# Exercise prompt
An exact copy of the data is required, with no pictures in it.

----------------

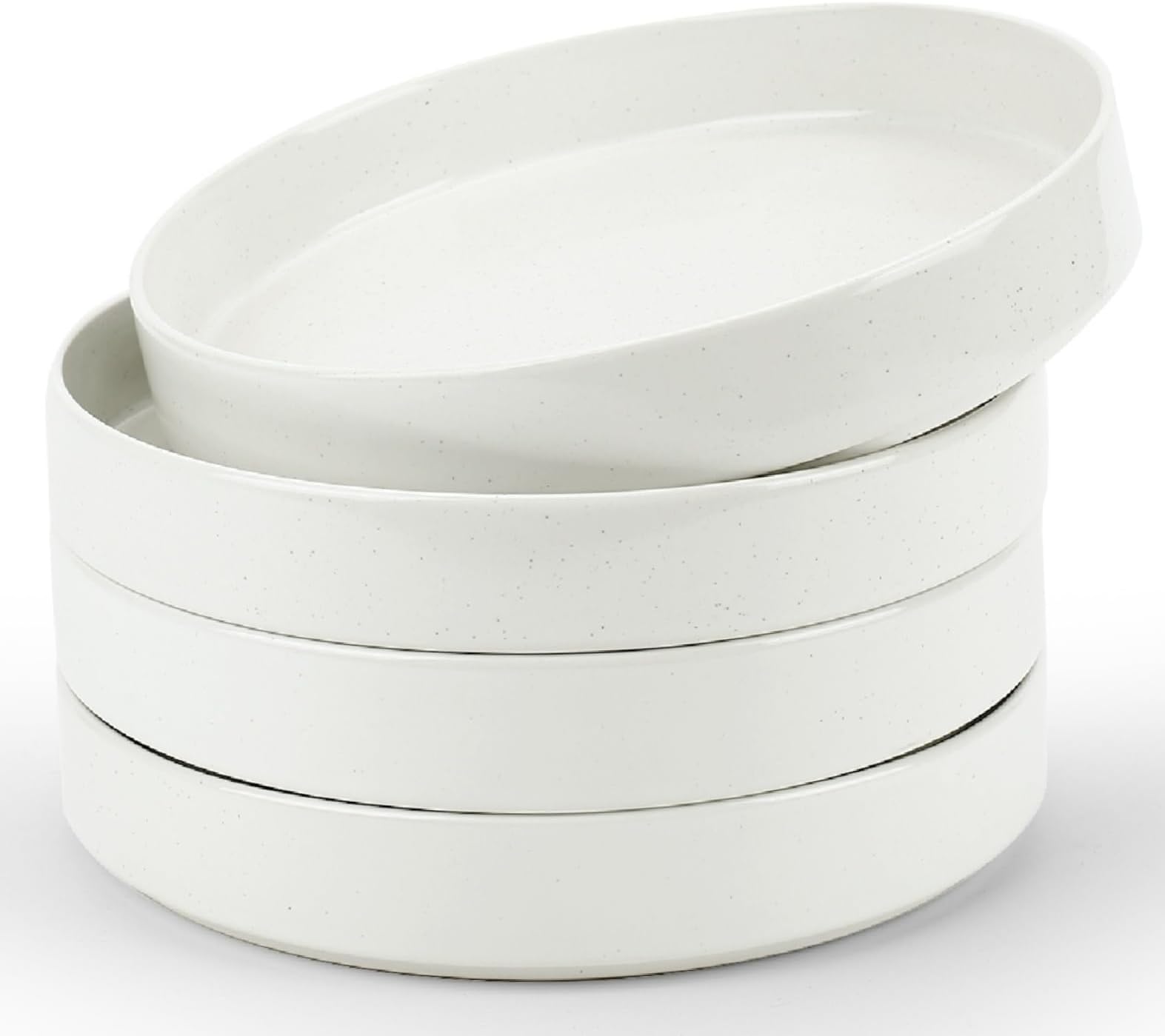 Nebula Pasta Bowls for 4, 8.75 inch Salad Bowl Sets, Large Wide Bowls for Serving Dinner, White
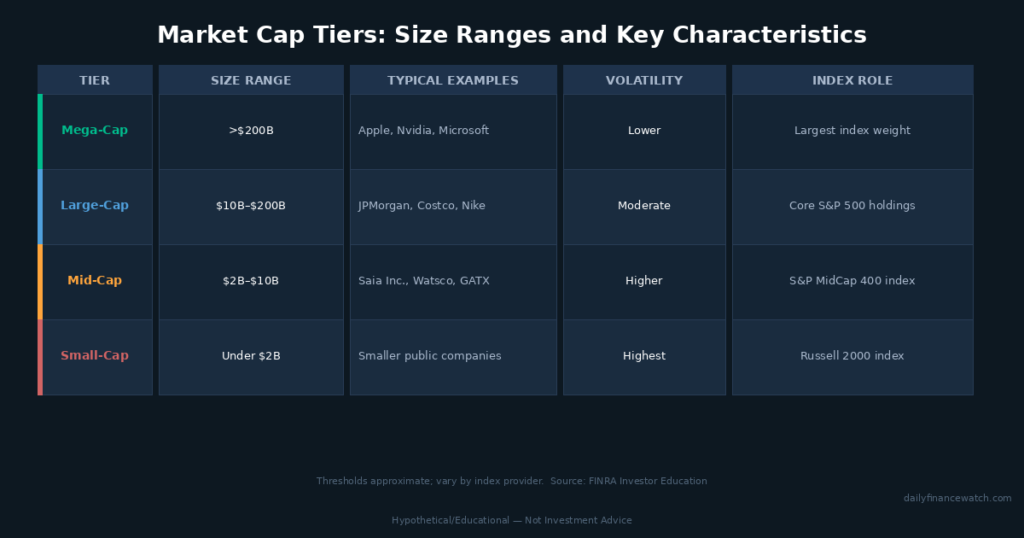 market cap tier comparison table showing mega cap large cap mid cap and small cap size ranges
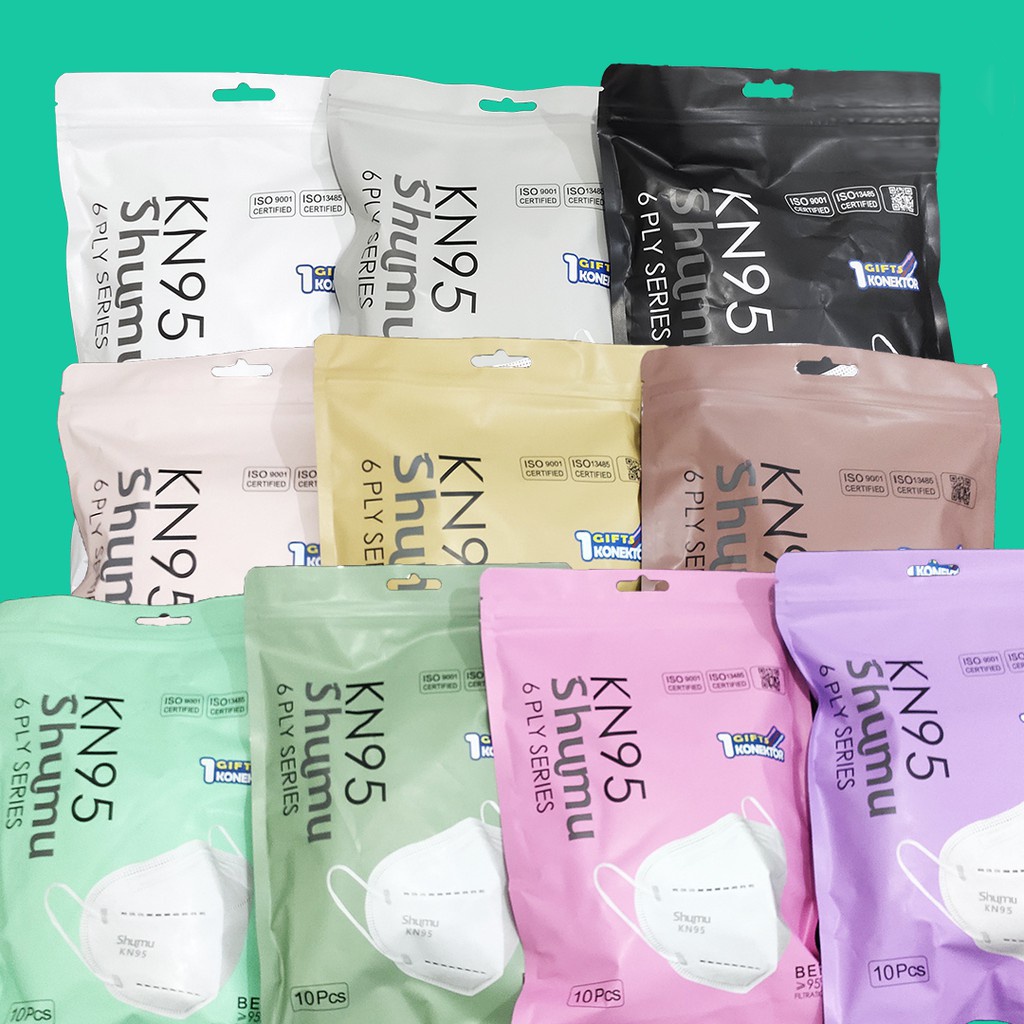 Masker KN95 WARNA SHUMU 6 Ply - FREE CONECTOR - 10 Pcs Tali Senada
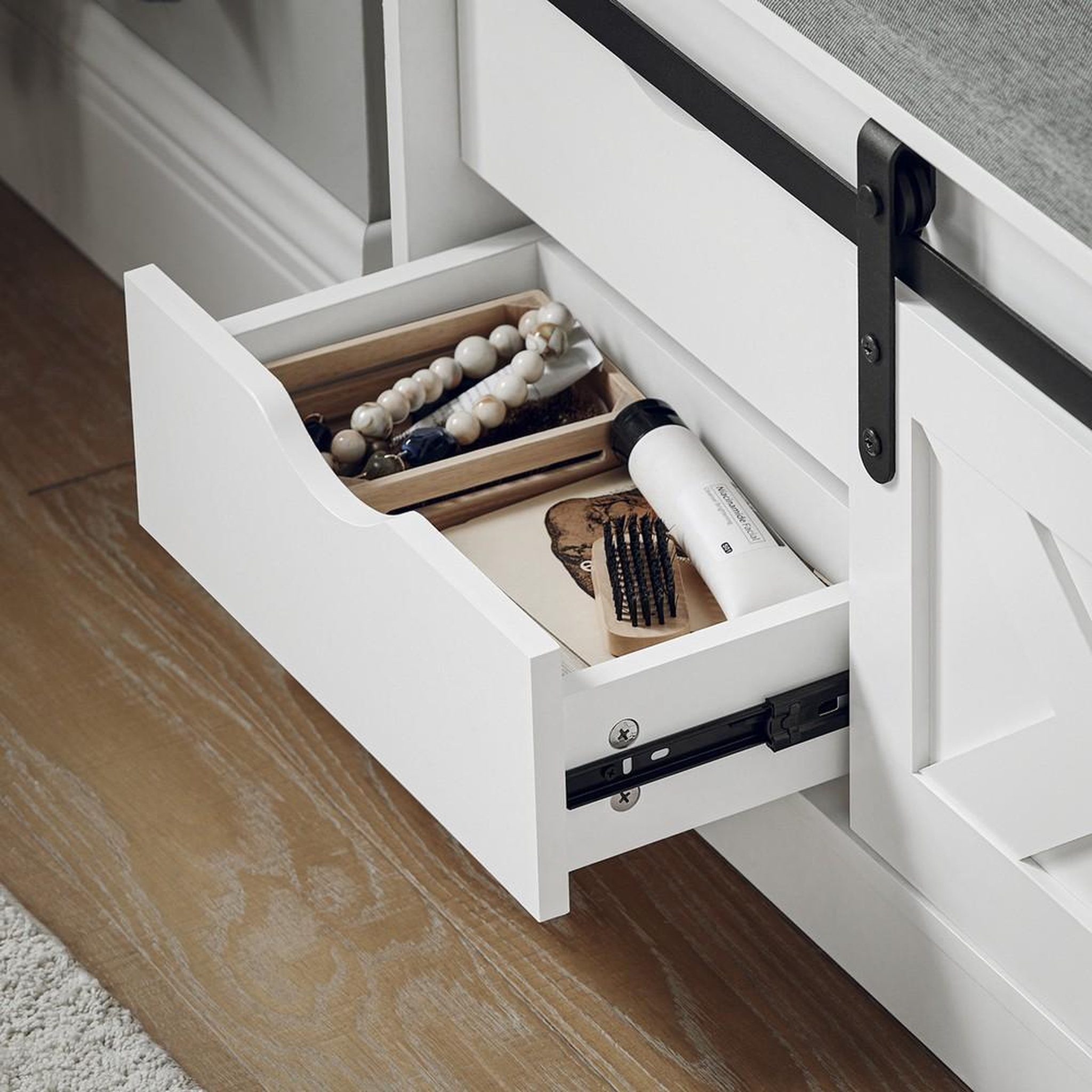 Voir la diapositive 4 : SOBUY SoBuy - Banc de rangement à chaussures avec 2 tiroirs - Blanc - 80x30x49cm - Rustique - FSR153-W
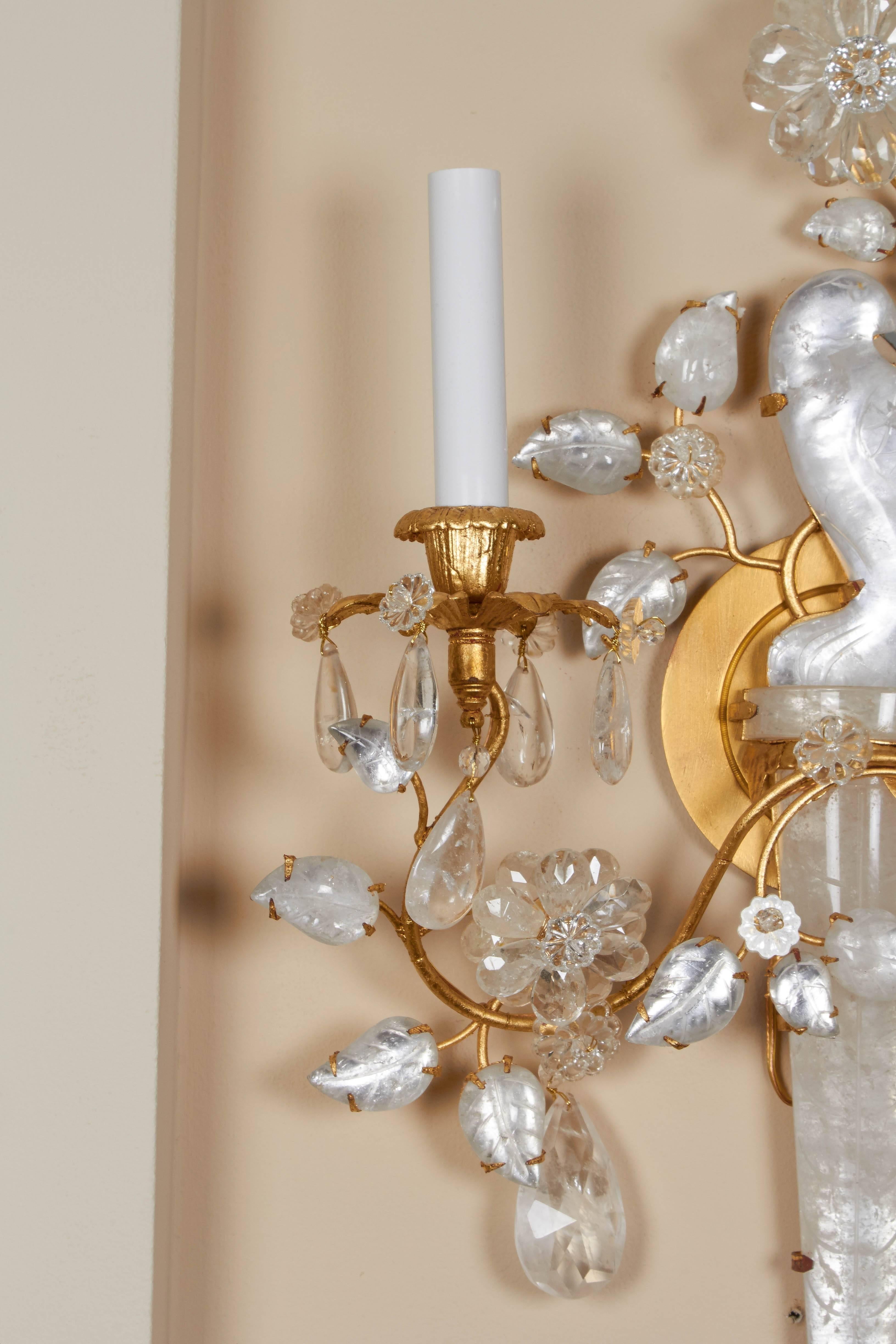 A Pair of New Rock Crystal Three-Light Sconces  1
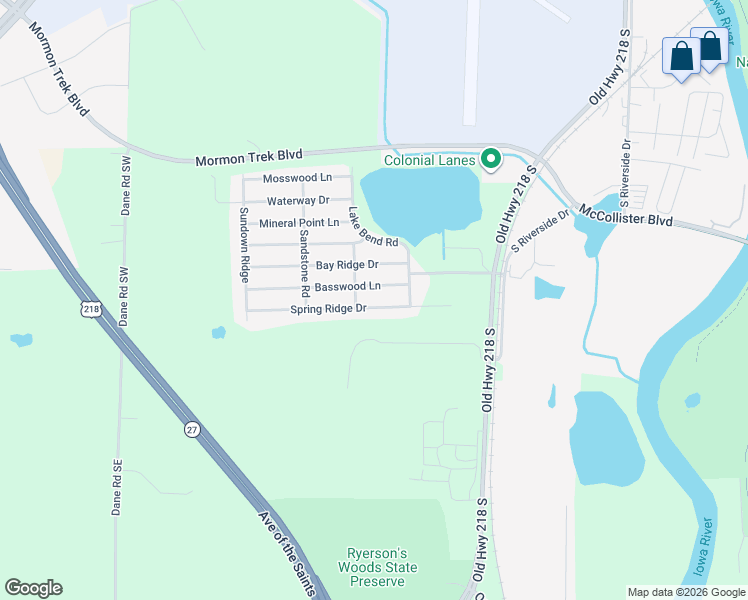 map of restaurants, bars, coffee shops, grocery stores, and more near 901-929 Spring Ridge Drive in Iowa City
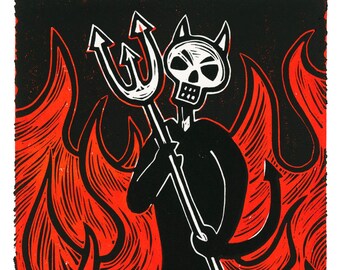 Day of the Dead Linosnede - El Diablo/The Devil
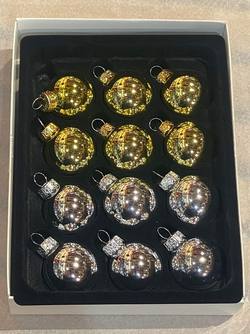 Boxed Glass Baubles - Silver & Gold 35mm - Set of 12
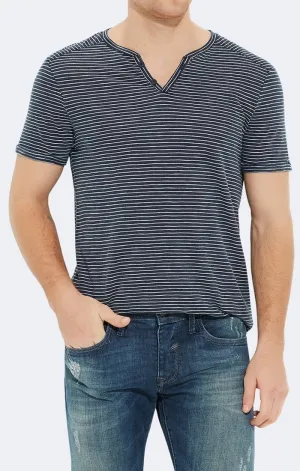 STRIPED HENLEY TEE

----------------

# Your solution
 Nebula Pasta Bowls for 4, 8.75 inch Salad Bowl Sets, Large Wide Bowls for Serving Dinner, White
 market cap tier comparison table showing mega cap large cap mid cap and small cap size ranges
 Masker KN95 WARNA SHUMU 6 Ply - FREE CONECTOR - 10 Pcs Tali Senada
 Voir la diapositive 4 : SOBUY SoBuy - Banc de rangement à chaussures avec 2 tiroirs - Blanc - 80x30x49cm - Rustique - FSR153-W
 A Pair of New Rock Crystal Three-Light Sconces  1
 map of restaurants, bars, coffee shops, grocery stores, and more near 901-929 Spring Ridge Drive in Iowa City
 Day of the Dead Linosnede - El Diablo/The Devil
 Boxed Glass Baubles - Silver & Gold 35mm - Set of 12
 STRIPED HENLEY TEE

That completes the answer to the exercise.